I think George was an old man the day I was born. Gray haired and grumpy would describe him. He kind of kept to himself and it was obvious that he didn’t have many friends.
I was in my late twenties when the corporation I worked for promoted me to my first supervisory position. I was transferred from Baltimore to Houston to become the Supervisor of Customer Service. This role encompassed the order processing functions as well as the warehouse, inventory control, and trucking. And it was also the catch-all position for switchboard, freight claims, and building maintenance. George was my freight claims guy.
I didn’t know what to make of George at first. His crusty attitude had a way of turning people off and he was very defensive when challenged. It took me a while of working with him to start to see another person.
I don’t know when I realized that a large part of George’s attitude stemmed from the way others treated him. I began to suspect it was defensive. So I began giving him some attention, complimenting him on his ability to collect on outstanding freight claims. I once heard him on the phone with a railroad saying “You promise!! My desk is covered with promises”. To work on the esteem thing, I put him in charge of the office supplies which turned out to be a bittersweet proposition. George rose to the challenge and soon my office was full of people complaining that they couldn’t get any office supplies from George. I went to investigate the problem and found that George was being “frugal”. If a person needed a new ballpoint pen, George would require that they return the old one which he would hold up to the light and check the barrel to assure it was out of ink. I encouraged him to lighten up a bit, and soon the groundswell of descent subsided.
Over time, I began to notice a change in George. He was a little more pleasant to be around, and I even heard him laugh a few times. I would make a point of kidding him to which he responded well, even seeming to enjoy it.
In my office, as part of the decor, I had a geranium that looked like it had come there to die. One day, as I was preparing to throw it out, George asked if he could have it. I gratefully gave it to him and forgot about it. Two months later, George returned this gorgeous plant in full bloom. I thought he had bought it, but no, it was the one I had given him. Turns out that George had a very green thumb. I used that to my advantage one time when our office decided to hold a plant sale to raise money for an employee function. I put George in charge. He had friends in the business so to speak. Prior to the sale, George arrived at the office with several trays of African Violets in multiple varieties and colors. The employees were fascinated and had all kinds of questions, all of which George was able to answer. For the first time, I think people began to meet the George I had come to know. After the sale, from time to time, I would see one of the ladies in the office sneak a sickly plant in and give it to “Dr George” who would ultimately save it from extinction.
I worked with George for seven years until, due to consolidation, the office was closed and George chose to retire. We had a large employee party before people started leaving. George and his wife Edna attended. It was the first function he had ever come to.

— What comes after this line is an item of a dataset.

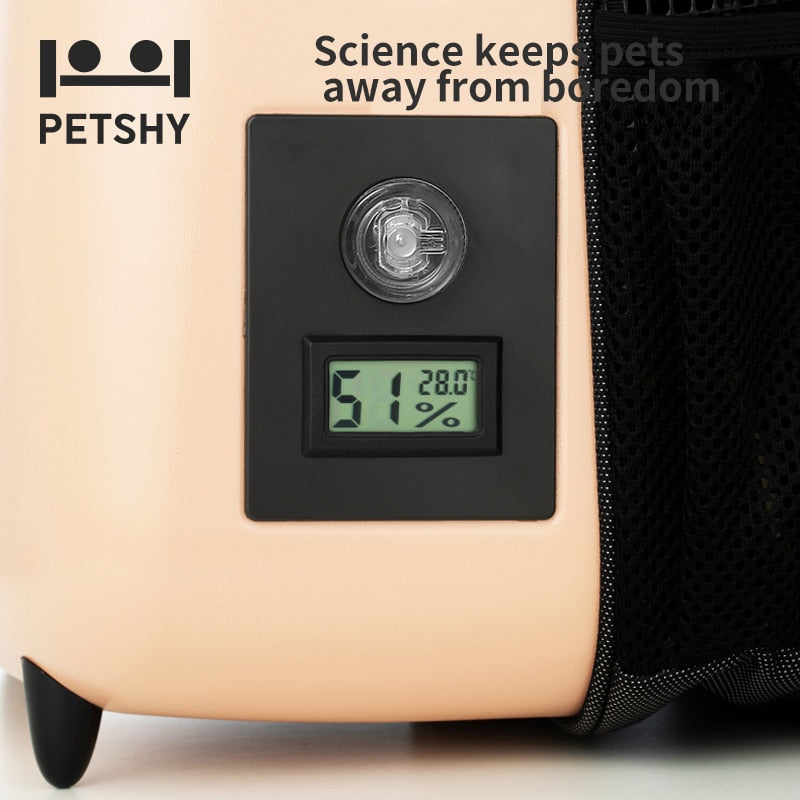 Petshy Pure Color Large Breathable Pet Sling Dog Cat Backpack Travel Space Capsule Cage Pet Transport Bag Carrying Cat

For a few years after I moved on to other jobs in other states, I would get a Christmas card from George every year, usually with a little packet of seeds and his hand written instructions for their care and feeding, and I would always send a card in return. In one such greeting, he told me I had been “his favorite boss”. That meant a lot.
One year, the cards stopped coming. I knew why without having to ask. I was sure George had gone on to plant another seed.